The important role of the antioxidant enzymes in muscle and nerve communication has been investigated in several studies focused on ROS production during muscle contraction [91]. Contractile activity in muscles of young rodents leads to the extracellular release of ATP and the activation of an NADPH oxidase (NOX2) complex in the muscle post-synaptic terminal. NOX2 is responsible for superoxide and hydrogen peroxide (H2O2) production and regulates, together with ATP, the release of ACh from the motor nerve terminal [92]. NOX2 activates redox-sensitive transcription factors that in turn induce higher expression of antioxidant enzymes, such as SOD and catalase, to counteract oxidative damage and facilitate exercise-induced muscle tissue remodeling [93]. It has been reported that exercise, through the activation of mitogen-activated protein kinases (MAPKs) and through nuclear factor kappa-light-chain-enhancer of activated B cell (NF-κB) signaling pathways, can cause the expression of antioxidant enzymes that play a crucial role in the protection against ROS, as well as adaptation to exercise [94][95]. However, the beneficial effects of physical activity are lost with exhaustive endurance and resistance exercise since the increased levels of ROS observed in these conditions overwhelm cellular antioxidant defenses, leading to tissue damage [96][97][98][99]. Excessive ROS production during aging or neurodegenerative disorder is responsible not only for mitochondria damage but also for cellular protein oxidation (Figure 2). Elderly muscles accumulate damaged proteins and organelles, since the activity of the autophagy system, a regulated mechanism for the removal of unnecessary or dysfunctional components, declines during aging. Indeed, in a recent paper [100], the authors described how the inhibition of the autophagic flux enhances oxidative stress in young muscles and alters muscle force generation, inducing mitochondrial dysfunction and NMJ instability; in this context, autophagy emerges as a required mechanism for mitochondrial quality control and the correct interplay between muscle and nerve [101].

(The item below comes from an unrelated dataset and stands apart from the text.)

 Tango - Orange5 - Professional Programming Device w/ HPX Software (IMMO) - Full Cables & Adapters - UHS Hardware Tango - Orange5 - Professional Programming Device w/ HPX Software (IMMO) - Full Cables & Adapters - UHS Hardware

Figure 2. Oxidative stress and NMJ instability. Excessive ROS production during aging or neurodegenerative disorder is responsible for the increased denervation and skeletal muscle atrophy, cellular protein oxidation, mitochondrial dysfunction, and impairment of autophagic flux, leading to NMJ instability.
In conclusion, this evidence demonstrates that the age-related alteration of ROS homeostasis affects muscle–nerve communication; therefore, the maintenance of redox balance can be considered as a good therapeutic tool to counteract the decline of NMJ functionality of elderly individuals.